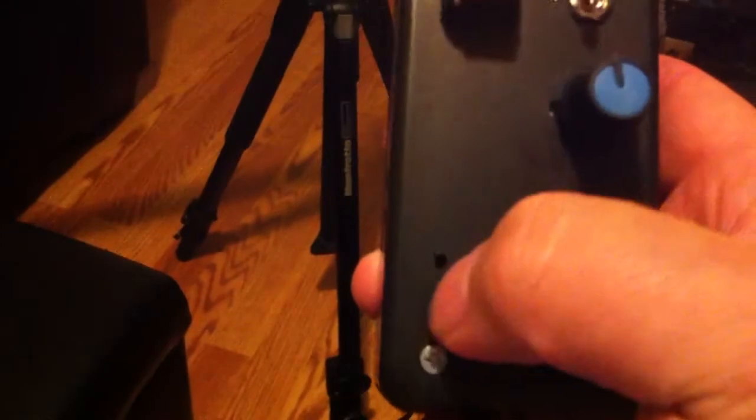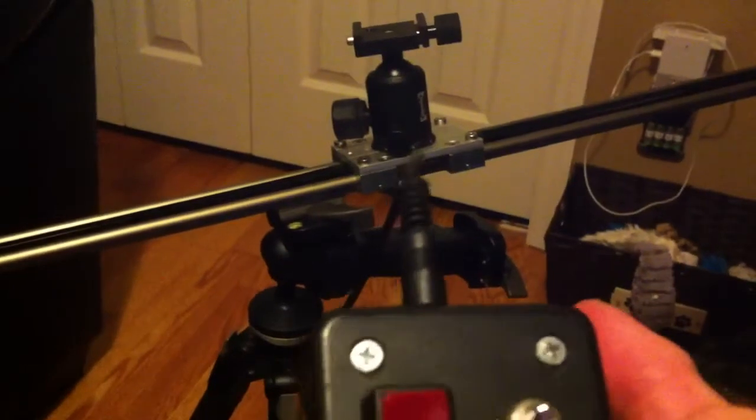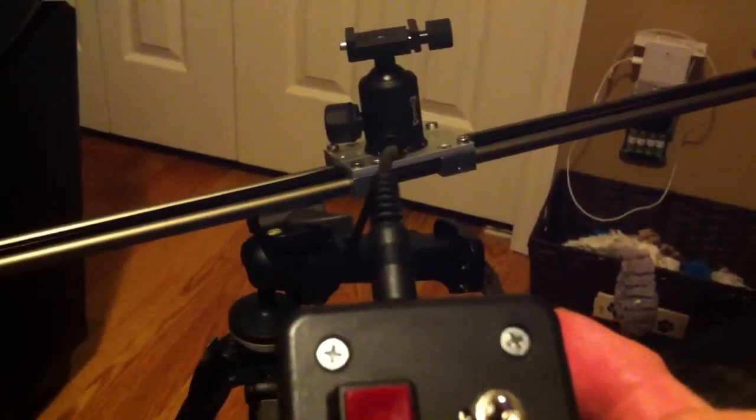Right here, you'll see when I turn it on there's an LED. Press it on, and we can slow it down.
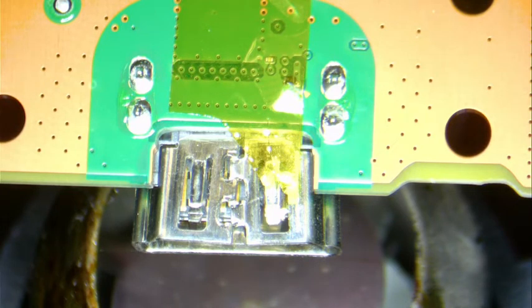Hello everybody, today we have a PlayStation 5 HDMI port repair. I've assembled the unit already and put some Teflon on the important components. We're going to replace this HDMI port today. We're going to keep this video simple and straight to the point.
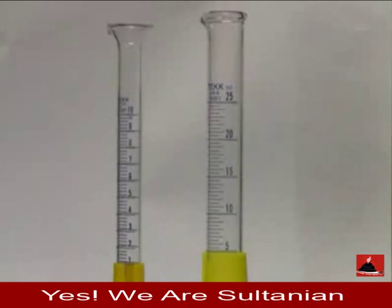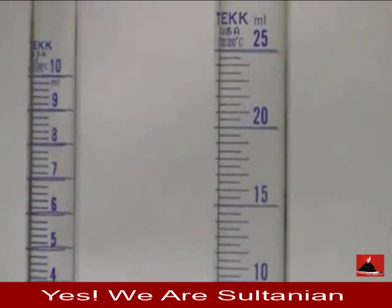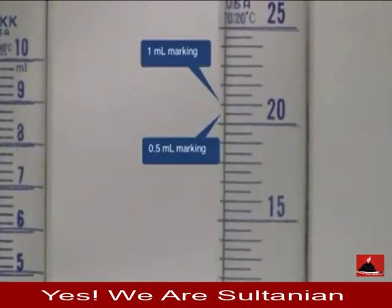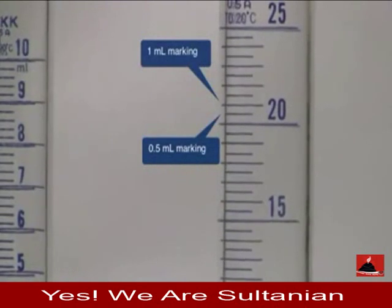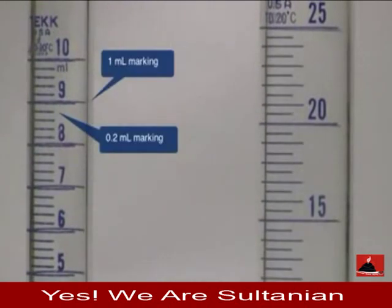If we look at our two graduated cylinders here, we have a large one and a small one. Each one is different, so it's always important to pay attention to what type of graduated cylinder you have. The hashes for each one can be different. On the large one on the right, the larger hashes are 1 milliliter markings and the smaller hashes are 0.5 milliliter markings. On the left, the larger lines are 1 milliliter markings but the smaller ones are 0.2 milliliter markings.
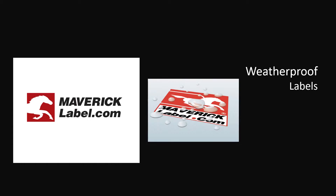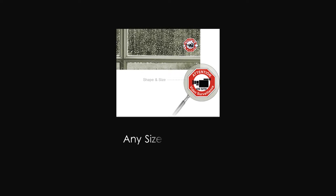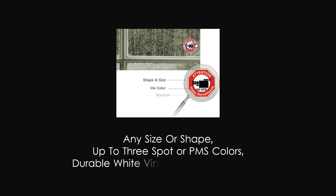Outdoor-rated weatherproof labels printed on durable label materials, including polyester and vinyl. Weatherproof labels are available in any size or shape. Printed with up to 3-spot or PMS colors on your choice of durable white vinyl or clear polyester.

# [EXERCISE BRIEF]
Write out the whole listing exactly as it appears, and omit the pictures.

# [COMPLETED TASK]
Right here, you'll see when I turn it on there's an LED. Press it on, and we can slow it down.
Hello everybody, today we have a PlayStation 5 HDMI port repair. I've assembled the unit already and put some Teflon on the important components. We're going to replace this HDMI port today. We're going to keep this video simple and straight to the point.
If we look at our two graduated cylinders here, we have a large one and a small one. Each one is different, so it's always important to pay attention to what type of graduated cylinder you have. The hashes for each one can be different. On the large one on the right, the larger hashes are 1 milliliter markings and the smaller hashes are 0.5 milliliter markings. On the left, the larger lines are 1 milliliter markings but the smaller ones are 0.2 milliliter markings.
Outdoor-rated weatherproof labels printed on durable label materials, including polyester and vinyl. Weatherproof labels are available in any size or shape. Printed with up to 3-spot or PMS colors on your choice of durable white vinyl or clear polyester.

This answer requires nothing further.